■ WHAT YOU ARE ASKED TO DO
Your copy should hold only the lines from the one with "We all know" to the one with "In this video we", both included, each exactly as it stands below, with no pictures.
[SUPPLIED RECORDS]
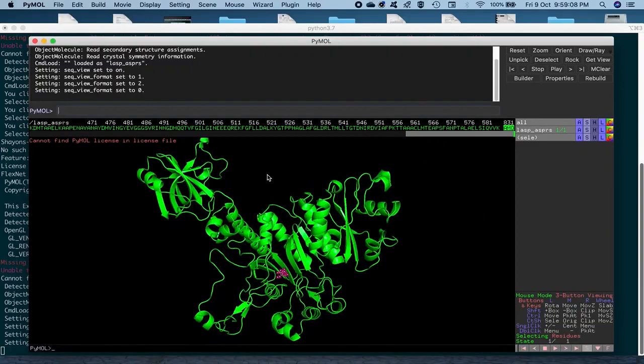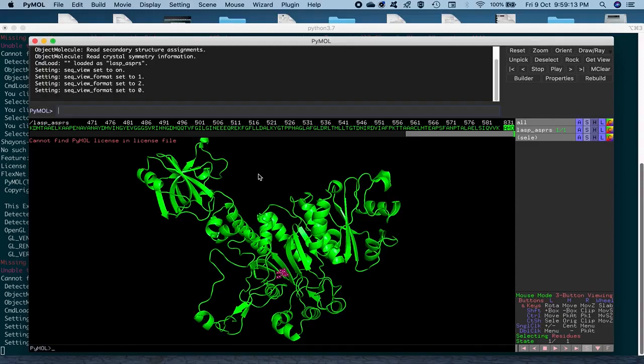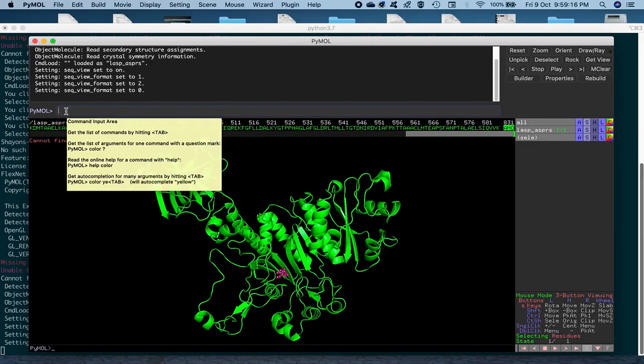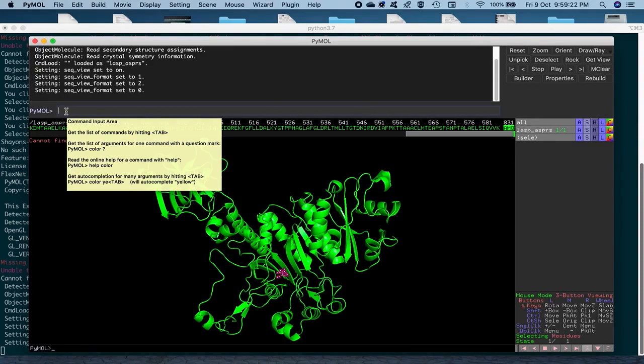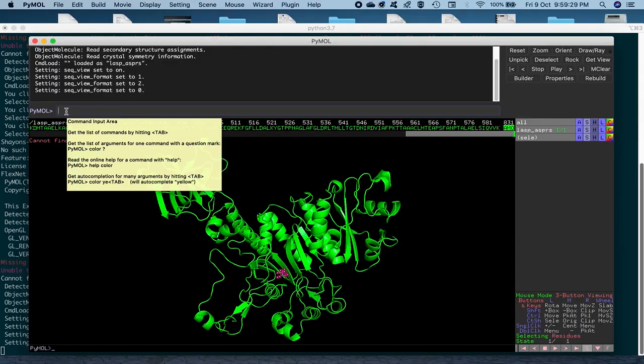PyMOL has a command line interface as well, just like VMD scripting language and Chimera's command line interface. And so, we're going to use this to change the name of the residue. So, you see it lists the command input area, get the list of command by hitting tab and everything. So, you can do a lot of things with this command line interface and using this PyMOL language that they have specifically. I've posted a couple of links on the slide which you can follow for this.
[/SUPPLIED RECORDS]
[SUPPLIED RECORDS]
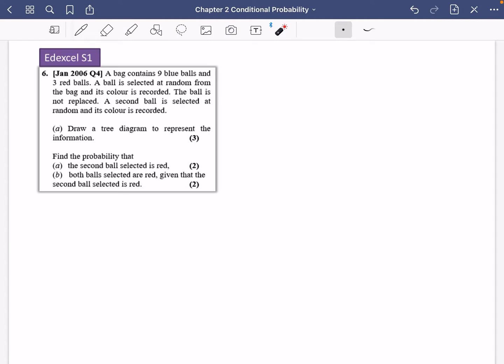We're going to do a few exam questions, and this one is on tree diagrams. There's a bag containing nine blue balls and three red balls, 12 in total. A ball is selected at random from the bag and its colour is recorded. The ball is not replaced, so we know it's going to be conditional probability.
[/SUPPLIED RECORDS]
[SUPPLIED RECORDS]
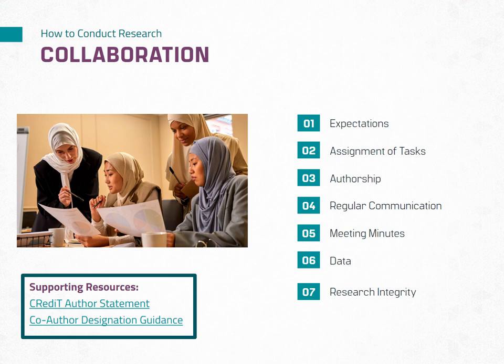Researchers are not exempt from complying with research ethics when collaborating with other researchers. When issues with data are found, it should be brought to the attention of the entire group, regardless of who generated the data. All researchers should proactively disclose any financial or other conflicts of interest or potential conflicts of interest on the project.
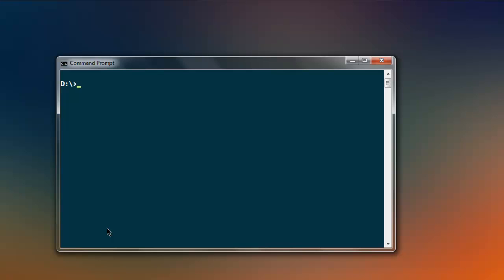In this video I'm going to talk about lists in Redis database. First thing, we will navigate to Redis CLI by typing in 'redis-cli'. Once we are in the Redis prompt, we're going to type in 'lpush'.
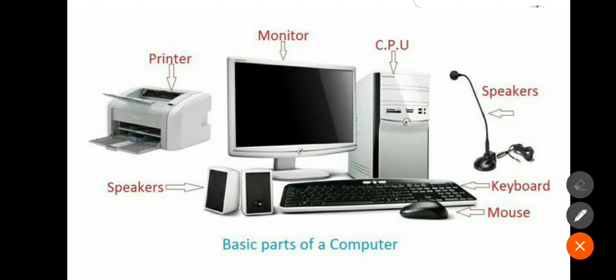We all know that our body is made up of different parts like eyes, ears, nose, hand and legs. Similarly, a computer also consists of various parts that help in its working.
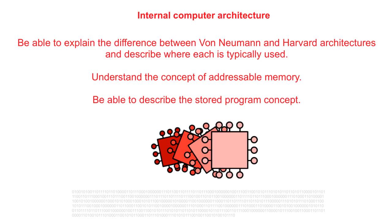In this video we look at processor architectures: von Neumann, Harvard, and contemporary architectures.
[/SUPPLIED RECORDS]
■ TASK RESULT
We all know that our body is made up of different parts like eyes, ears, nose, hand and legs. Similarly, a computer also consists of various parts that help in its working.
In this video we look at processor architectures: von Neumann, Harvard, and contemporary architectures.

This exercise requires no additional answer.